On another site, someone who is a self-admitted alcoholic said that he had been thinking about going to Al-Anon. He said, "I heard it was good for relationships."

I think that we are often products of our environment. We are what we are taught and what we see. Sometimes, we just don't know any other way and don't know that what we are doing is unacceptable behavior. After all, we saw our father, our uncle, our mother, our aunt, our pastor, etc. act this way for years. Who am I to say what they do is wrong? Who am I to know? It stood me in good stead for many years, why should I change now?

If all you have seen is abuse and dysfunction, how can you know that it is unacceptable behavior. When you add the thinking to the drinking and drugging, what is often a thought becomes an action.

Stayed in an abusive relationship for 7 years and couldn't figure out why I stayed. I was looking for the right time to leave and it never happened. When I finally kicked him out, it couldn't have been worse, I had no food, no money, no job, no prospects, no car (had two when I married him), and no hope.
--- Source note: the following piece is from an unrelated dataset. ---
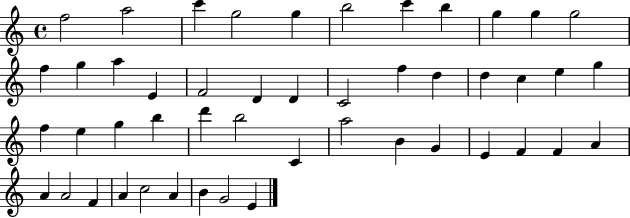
F5/h A5/h C6/q G5/h G5/q B5/h C6/q B5/q G5/q G5/q G5/h F5/q G5/q A5/q E4/q F4/h D4/q D4/q C4/h F5/q D5/q D5/q C5/q E5/q G5/q F5/q E5/q G5/q B5/q D6/q B5/h C4/q A5/h B4/q G4/q E4/q F4/q F4/q A4/q A4/q A4/h F4/q A4/q C5/h A4/q B4/q G4/h E4/q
I didn't have Al-Anon back then.

I figured, if you can't beat them join them and I started drinking (couldn't stand to be near him unless I too had been drinking), he hit and I started hitting back, and the abused became the abuser.

I not only had the thinking behind the drinking, I had codependent issues and the old tapes from my childhood. My father was an alcoholic who died from his disease. My mother died at the age of 40 because of her food addiction.

Please do keep coming back. A burden shared is a burden lessened.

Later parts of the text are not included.